Though still in its infancy, the industry is growing fast. International Data Corp. of Framingham, Mass., has estimated annual revenue from on-line transactions will climb to $220 billion in 2001 from $11 billion today, but the majority would come from business-to-business sales.
To drum up interest in consumer-oriented commerce, corporations with an interest in the infrastructure, like International Business Machines Corp. and AT&T Corp., are blanketing the conventional media with ads about on- line business capabilities. They have a distinctly educational tone.
A growing number of companies are advertising what people can buy on their Web sites.
Most educational advertising about electronic commerce is found in traditional media and is directed at non-Internet users, said Marc Johnson, on-line advertising analyst at Jupiter Communications of New York. Advertising directly on the Web, by contrast, assumes its viewers already know about the Internet's business potential.
IBM is spending hundreds of millions of dollars on a global television and print ad campaign on the theme of "e-business" to spread the word not just about the company, but about the phenomenon.
"We believe it is absolutely critical to educate the marketplace," said Irving Wladawsky-Berger, general manager of IBM's Internet division. "A huge part of the campaign is to encourage everyone to get going."
IBM's comical television ads portray people asking what e-business is, and business owners saying they should get on the Internet though they aren't sure why. An eight-page pullout section in The Wall Street Journal told why companies can't ignore the Internet.
Though the ads are aimed at getting businesses to go on-line, Mr. Wladawsky-Berger said, they also have a public service undertone in trying to raise awareness.
"We want consumers to notice it and say, 'What does it mean that people are selling (products) on the Web?'" he continued.
Companies such as IBM and AT&T, along with major merchants and service providers, such as banks, are counting on their brand names to encourage on-line commerce.
AT&T, which also offers corporate Internet services, believes its ads will alleviate some of the public's concerns about on-line shopping, said vice president Jim Speros.
"Part of the role of the ads is to let people know we are making shopping on the Web a reality and that it's safe and secure," Mr. Speros said. "AT&T's brand name is associated with trust. By AT&T endorsing electronic commerce, it almost becomes permission to act."
AT&T's ads show entrepreneurs promoting their products on-line. One spot features two women futilely marketing rubber sunglasses-until they open a Web site. Another shows an art museum looking for another location-and finding it on-line. The scenarios include people purchasing products on- line.
Mr. Speros compares electronic commerce's growth to that of toll-free phone numbers. When they were first implemented more than two decades ago, he said, the telephone company had to educate businesses and people about them. Now advertisers "can be a lot more assumptive."
Electronic commerce advertising often revolves around the "Did you know?" theme, said Richard Rosenblatt, chief executive officer of Studio City, Calif.-based iMall Inc. It informs people that they can buy many things on-line, stressing the safety and convenience of the transaction.
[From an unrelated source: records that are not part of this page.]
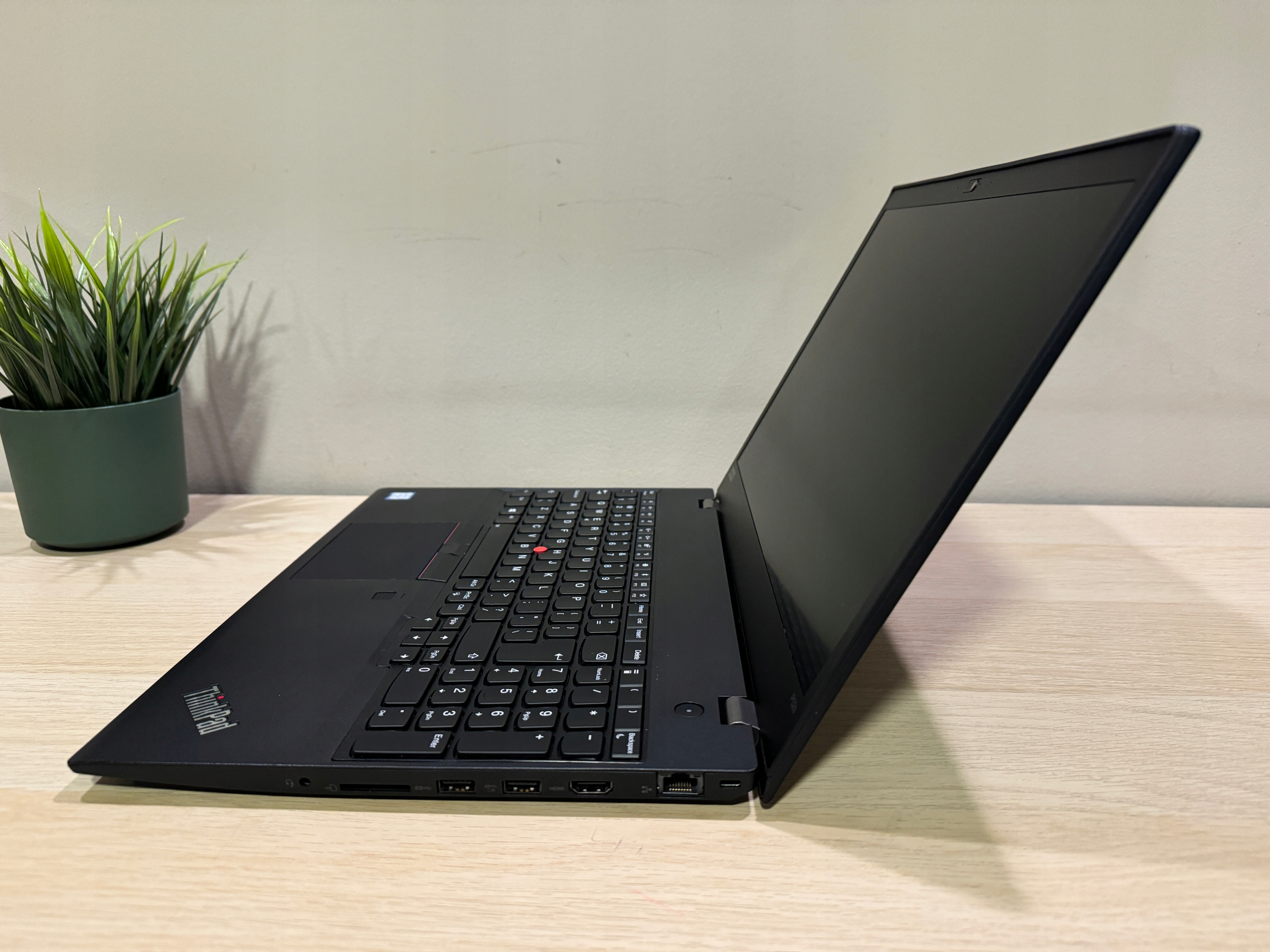 Lenovo ThinkPad P52s 15,6 i7-8650U 64GB 512GB SSD NVIDIA Windows 11 - obrazek 4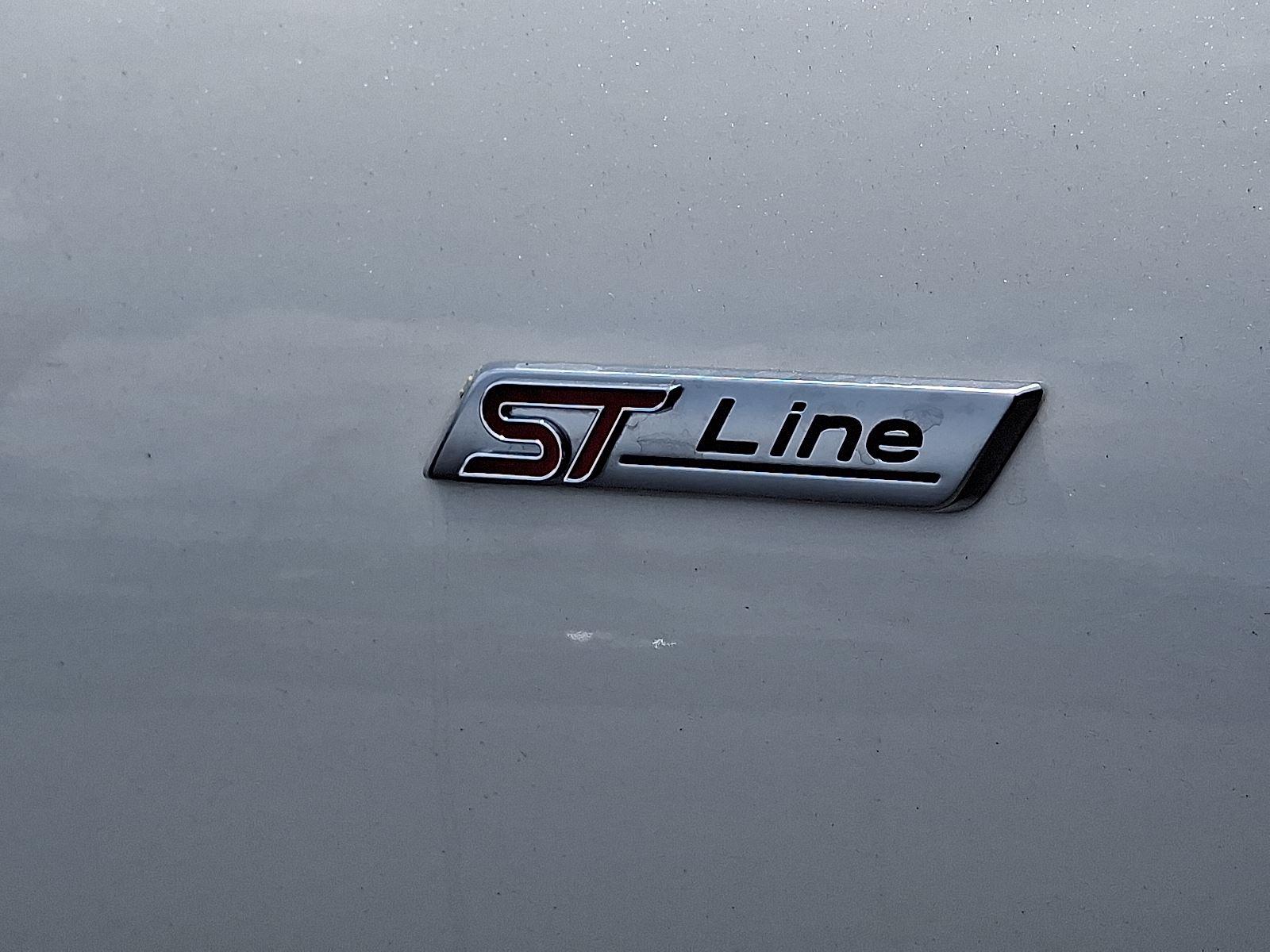2023 Ford Escape ST-Line Elite photo 30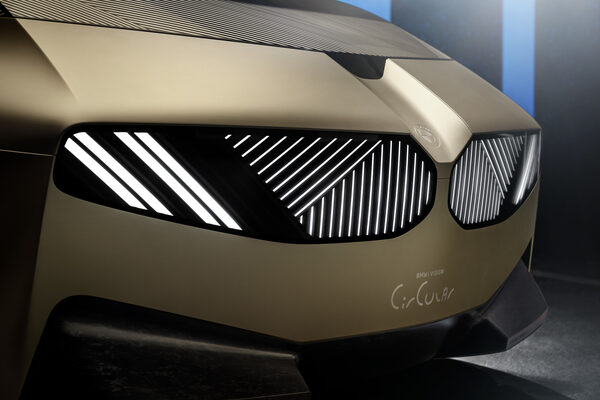 <b>BMW i Vision Circular</b> – staged spectacularly for <b>GAUZY </b>(Light Control Glass) by transportation photographer <b>MATTHIAS ALETSEE</b>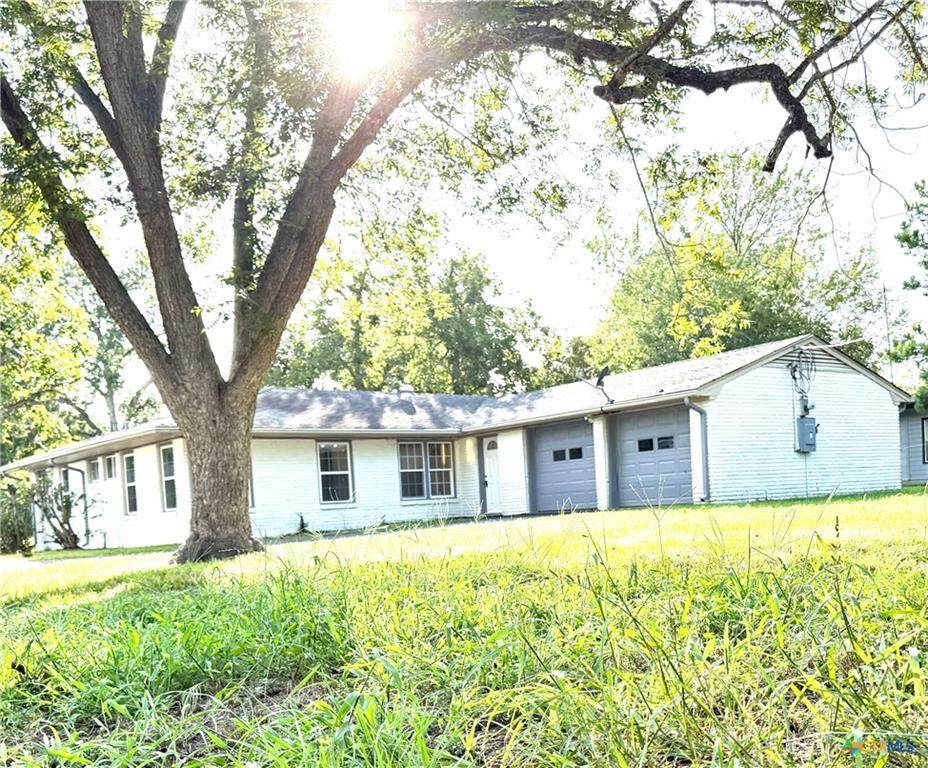 302 Smith St - Photo 1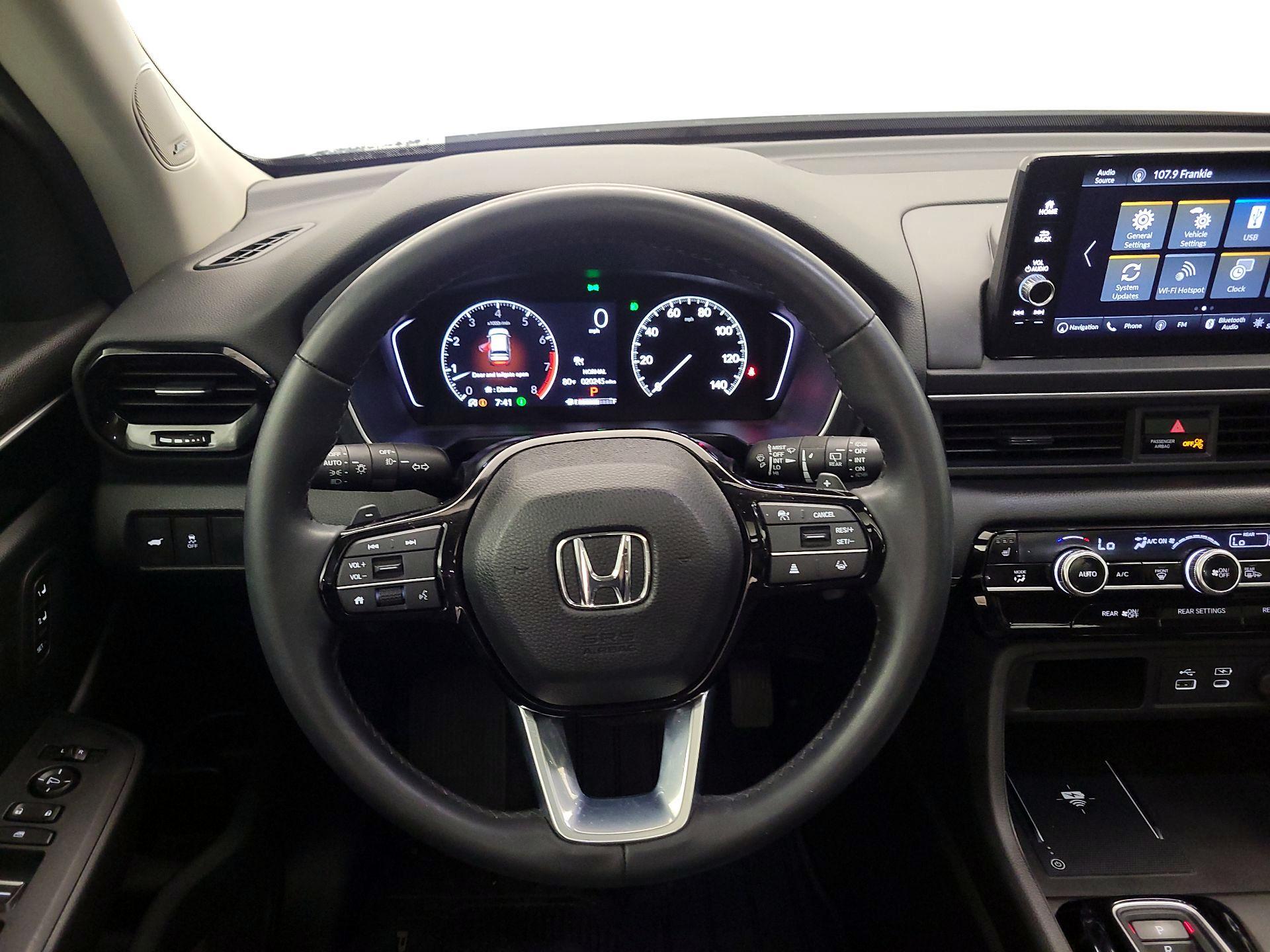 Thumbnail: 2025 Honda Pilot - 10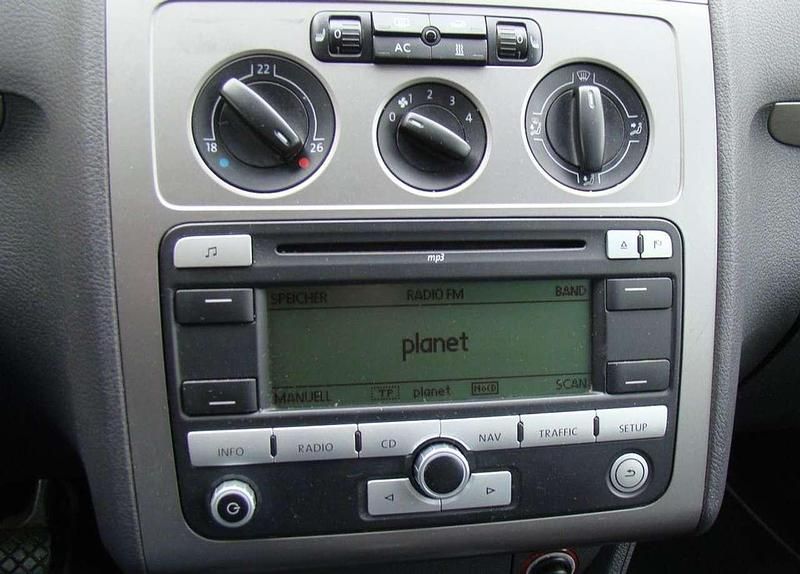 Gebraucht VW Touran Conceptline 140 PS (102 kW) 2009 Van / Kleinbus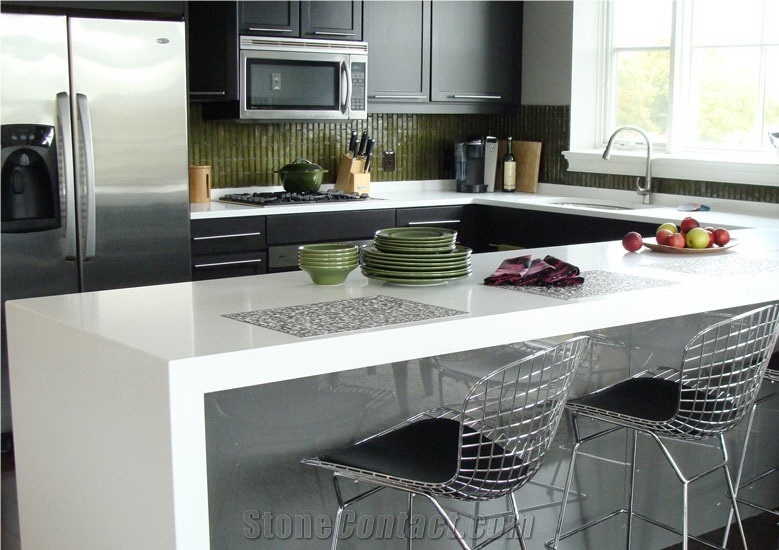 Pure White Absolute White Quartz Stone Slabs and Tiles for Worktops and Floorings/White Quartz/Polished Quartz Surfaces/China Quartz/Quartz Tiles
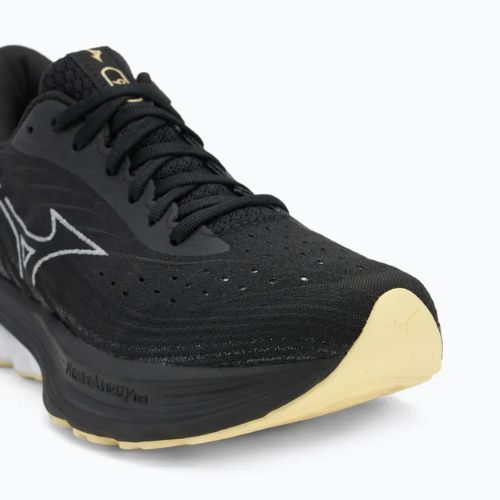 Buty do biegania damskie Mizuno Wave Skyrise 6 black/snow white/glowing cream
"There are still a lot of people who think the Internet is just for computer people," Mr. Rosenblatt said. His ads will show that "Just as people would watch infomercials or QVC, they can come to iMall."
iMall cannot afford to fund general advertisements about electronic commerce, so it will focus on its own site. A company in educational mode like IBM, however, is willing to risk that its ads might benefit competitors, because the cause is bigger than any one of them.
"You want people to trust technology," said Mr. Wladawsky-Berger of IBM. "That will expand the market and hopefully we'll get our fair share."